WHAT IS EXPECTED => Using the data that follows, return exactly the lines from the one that contains "Socialinių – emocinių" through the one that contains "High Five, Blue", ends included.

[[ DATA SHOWN open ]]

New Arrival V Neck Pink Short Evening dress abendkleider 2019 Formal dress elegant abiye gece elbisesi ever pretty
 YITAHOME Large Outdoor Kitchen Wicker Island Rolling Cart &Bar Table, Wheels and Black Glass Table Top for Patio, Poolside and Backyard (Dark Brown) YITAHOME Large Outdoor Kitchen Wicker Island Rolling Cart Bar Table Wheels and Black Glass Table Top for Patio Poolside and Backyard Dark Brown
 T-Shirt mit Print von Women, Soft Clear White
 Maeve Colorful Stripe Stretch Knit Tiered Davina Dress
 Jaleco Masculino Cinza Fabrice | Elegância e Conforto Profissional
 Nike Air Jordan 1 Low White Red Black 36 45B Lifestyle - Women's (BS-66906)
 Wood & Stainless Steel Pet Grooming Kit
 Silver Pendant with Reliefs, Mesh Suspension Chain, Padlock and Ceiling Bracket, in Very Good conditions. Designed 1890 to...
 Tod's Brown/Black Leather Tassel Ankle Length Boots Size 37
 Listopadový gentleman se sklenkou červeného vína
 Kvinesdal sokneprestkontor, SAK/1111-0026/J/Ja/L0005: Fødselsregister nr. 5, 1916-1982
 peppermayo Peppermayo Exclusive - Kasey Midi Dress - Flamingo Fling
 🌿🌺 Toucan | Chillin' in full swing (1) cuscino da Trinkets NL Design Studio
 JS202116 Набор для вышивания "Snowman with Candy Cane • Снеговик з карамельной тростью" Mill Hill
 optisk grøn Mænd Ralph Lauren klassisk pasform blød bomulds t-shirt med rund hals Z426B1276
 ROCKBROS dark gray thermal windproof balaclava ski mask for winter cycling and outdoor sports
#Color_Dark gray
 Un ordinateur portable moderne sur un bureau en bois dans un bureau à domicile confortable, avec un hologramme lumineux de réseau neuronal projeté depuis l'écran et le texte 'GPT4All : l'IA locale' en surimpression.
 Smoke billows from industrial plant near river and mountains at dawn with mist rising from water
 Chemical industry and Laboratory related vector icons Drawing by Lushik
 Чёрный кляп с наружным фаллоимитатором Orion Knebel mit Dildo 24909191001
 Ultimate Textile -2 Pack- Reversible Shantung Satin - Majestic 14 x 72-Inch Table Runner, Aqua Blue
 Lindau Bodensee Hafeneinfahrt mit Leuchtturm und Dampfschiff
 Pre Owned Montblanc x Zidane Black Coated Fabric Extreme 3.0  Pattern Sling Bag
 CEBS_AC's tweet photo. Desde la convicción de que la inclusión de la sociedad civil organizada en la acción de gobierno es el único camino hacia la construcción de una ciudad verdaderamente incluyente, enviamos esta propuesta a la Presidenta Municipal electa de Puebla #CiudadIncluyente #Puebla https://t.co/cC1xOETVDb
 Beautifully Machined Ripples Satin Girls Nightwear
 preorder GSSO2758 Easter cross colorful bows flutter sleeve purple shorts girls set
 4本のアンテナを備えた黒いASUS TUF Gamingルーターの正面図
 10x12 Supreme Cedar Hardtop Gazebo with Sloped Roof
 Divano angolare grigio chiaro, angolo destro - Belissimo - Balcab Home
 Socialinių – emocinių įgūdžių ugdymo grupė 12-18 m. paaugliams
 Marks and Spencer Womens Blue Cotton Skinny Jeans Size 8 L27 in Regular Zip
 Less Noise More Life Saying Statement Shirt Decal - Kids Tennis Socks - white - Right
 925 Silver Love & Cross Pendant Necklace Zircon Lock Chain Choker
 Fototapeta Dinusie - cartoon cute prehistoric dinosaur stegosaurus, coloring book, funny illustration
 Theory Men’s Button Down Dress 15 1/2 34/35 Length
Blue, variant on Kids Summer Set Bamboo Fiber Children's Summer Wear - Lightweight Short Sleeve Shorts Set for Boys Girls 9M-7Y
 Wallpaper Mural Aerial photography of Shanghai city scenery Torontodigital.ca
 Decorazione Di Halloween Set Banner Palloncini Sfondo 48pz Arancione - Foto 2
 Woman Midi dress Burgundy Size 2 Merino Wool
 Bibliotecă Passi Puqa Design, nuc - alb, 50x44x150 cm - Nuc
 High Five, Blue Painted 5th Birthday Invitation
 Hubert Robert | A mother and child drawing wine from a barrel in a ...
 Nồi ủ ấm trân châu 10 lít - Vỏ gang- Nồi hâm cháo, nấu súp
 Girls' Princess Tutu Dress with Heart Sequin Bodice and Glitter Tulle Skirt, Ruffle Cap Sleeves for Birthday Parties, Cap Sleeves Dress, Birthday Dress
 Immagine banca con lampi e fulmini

[[ DATA SHOWN closed ]]

RESULT OF THIS EXERCISE =>
 Socialinių – emocinių įgūdžių ugdymo grupė 12-18 m. paaugliams
 Marks and Spencer Womens Blue Cotton Skinny Jeans Size 8 L27 in Regular Zip
 Less Noise More Life Saying Statement Shirt Decal - Kids Tennis Socks - white - Right
 925 Silver Love & Cross Pendant Necklace Zircon Lock Chain Choker
 Fototapeta Dinusie - cartoon cute prehistoric dinosaur stegosaurus, coloring book, funny illustration
 Theory Men’s Button Down Dress 15 1/2 34/35 Length
Blue, variant on Kids Summer Set Bamboo Fiber Children's Summer Wear - Lightweight Short Sleeve Shorts Set for Boys Girls 9M-7Y
 Wallpaper Mural Aerial photography of Shanghai city scenery Torontodigital.ca
 Decorazione Di Halloween Set Banner Palloncini Sfondo 48pz Arancione - Foto 2
 Woman Midi dress Burgundy Size 2 Merino Wool
 Bibliotecă Passi Puqa Design, nuc - alb, 50x44x150 cm - Nuc
 High Five, Blue Painted 5th Birthday Invitation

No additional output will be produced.